On April 16, 2010 a spurious LOCA signal occurred on Unit 1. All required ECCS equipment started and LOCA functions operated as expected. The main condenser vacuum started decreasing and the operators initiated a power reduction to approximately 85% to maintain condenser vacuum. Additionally, the drywell cooling fans tripped which resulted in actual increase in drywell pressure from 0.9 psig to 1.2 psig. The control room operators verified the LOCA signal was spurious, the reactor vessel level was stable, and no ECCS injection was required. The operators responded by securing the ECCS equipment that started on the LOCA signal and returned the affected systems to a standby line-up. The event recovery report describes the spurious LOCA signal stemming from a trip of two high drywell pressure ATTS cards 1E11-N694A/C which are located in the same rack as the ATTS card that failed; 1B21-N641C. The licensee replaced the 1B21-N641C card, the 1B21-N690C card which is connected to the 1B21-N641C card, the 1E11-N694A/C cards, and satisfactorily performed a calibration of the drywell pressure transmitter 1E11-N050A and C.

In 2006 under CR 2006100390, the licensee's root cause report documents an investigation conducted for an ATTS card failure of card 2E41-N658D that occurred on January 16, 2006. The licensee identified the root cause of this event as component aging. The root cause report states that a ceramic capacitor on this card, weakened by being in service for 24 years, partially shorted, opened, and then fully shorted.

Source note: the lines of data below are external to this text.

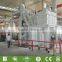 Hook Type Shot Blasting Abrator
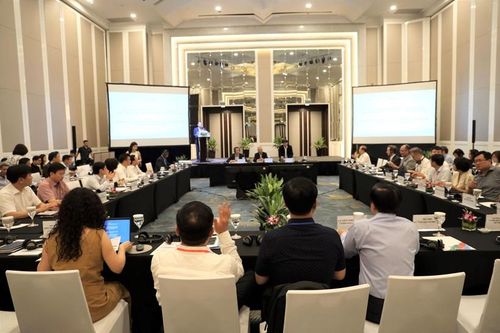 Quy định chi tiết một số điều của Luật Đầu tư theo phương thức đối tác công tư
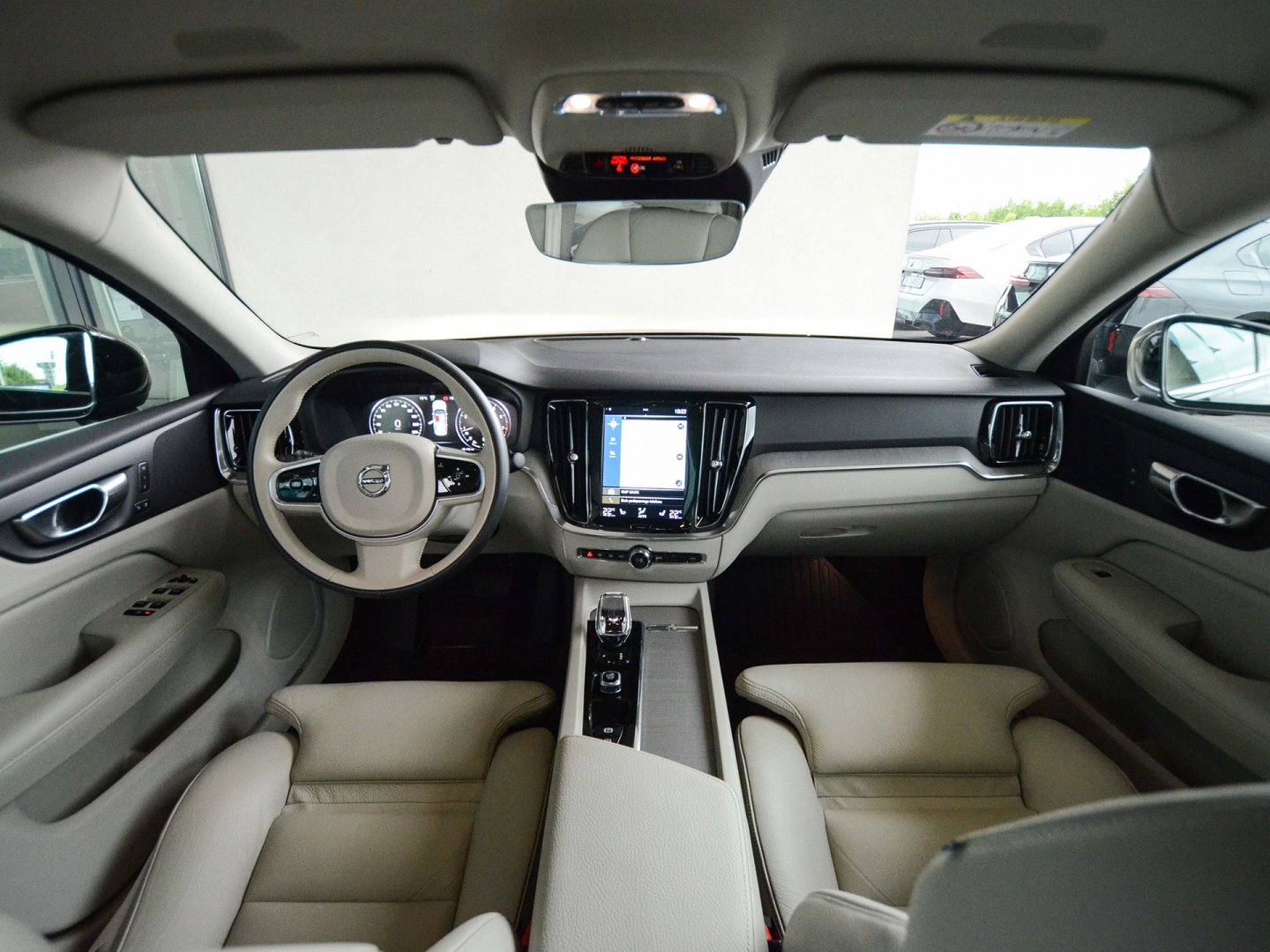 11bl - VOLVO S60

Three corrective actions were developed as a result of this event. The first was to replace and calibrate ATTS cards 2E41-N658B and 2E41-N658D. The second was to expand the contract service agreement with the vendor to include the replacement and/or refurbishment of all ATTS cards. The third corrective action was to develop a long range proposal on ATTS cards for engineering review board approval. Licensee procedure NMP-GM-002, Corrective Action Program, Ver. 4.0, required corrective actions to prevent recurrence for severity level (SL) 1 and 2 CRs. The licensee classified CR 2006100390 as a severity level 2 CR, which required the corrective actions stemming from this CR to be effective in order to prevent recurrence of another ATTS card failure due to aging. Contrary to the licensee procedure, the corrective actions were not effective in preventing recurrence in that, CR 2010105161 documented a failure of ATTS card 1B21-N641C on April 16, 2010. This card failure was attributed to a failure of a ceramic capacitor on the card that had been in service for approximately 27 years.

Analysis:

Failure to follow corrective action procedure NMP-GM-002, Ver. 4.0, is a performance deficiency. This performance deficiency is more than minor because it is associated with the equipment performance attribute of the Initiating Events cornerstone and adversely affected the Initiating Events cornerstone objective to limit the likelihood of those events that upset plant stability and challenge critical safety functions during power operations. Specifically, the failure of ATTS card 1B21-N641C resulted in a spurious LOCA signal that started ECCS equipment and resulted in a power reduction to approximately 85%. Because the finding is associated with the safety of an operating reactor, the significance of this finding was screened using the Phase 1 of the SDP in accordance with NRC IMC 0609, Attachment 4, Table 4a. This finding screened as Green, because the finding did not contribute to both the likelihood of a reactor trip and likelihood that mitigation equipment or functions would not be available. The inspectors concluded that the performance deficiency does not have an associated cross-cutting aspect because the performance deficiency occurred in 2006 and is not indicative of the licensee's current performance in the area of root cause investigations.

Enforcement:

10 CFR 50, Appendix B, Criterion V, Instructions, Procedures and Drawings, states in part, that activities affecting quality shall be prescribed by documented procedures and shall be accomplished in accordance with these procedures. Contrary to the above, from May 2006 to April 2010, licensee procedure NMP-GM-002, Corrective Action Program, Ver. 4.0, was not followed because corrective actions to prevent recurrence were not implemented prior to the failure of ATTS card 1B21-N690C. Failure to implement appropriate corrective actions to prevent recurrence has the potential for other capacitors on ATTS cards to fail. The licensee's immediate corrective actions were to replace the failed card, 1B21-641C, the adjacent card 1B21-N690C and the high drywell pressure trip cards 1E11-N694A and C. Because this violation was of very low safety significance and it was entered into the licensee's corrective action program as CR2010105161, this violation is being treated as an NCV, consistent with the Enforcement Policy. This finding is identified as NCV 05000321/2010003-02, "Failure to follow corrective action program procedure and prevent recurrence of severity level 2 root cause."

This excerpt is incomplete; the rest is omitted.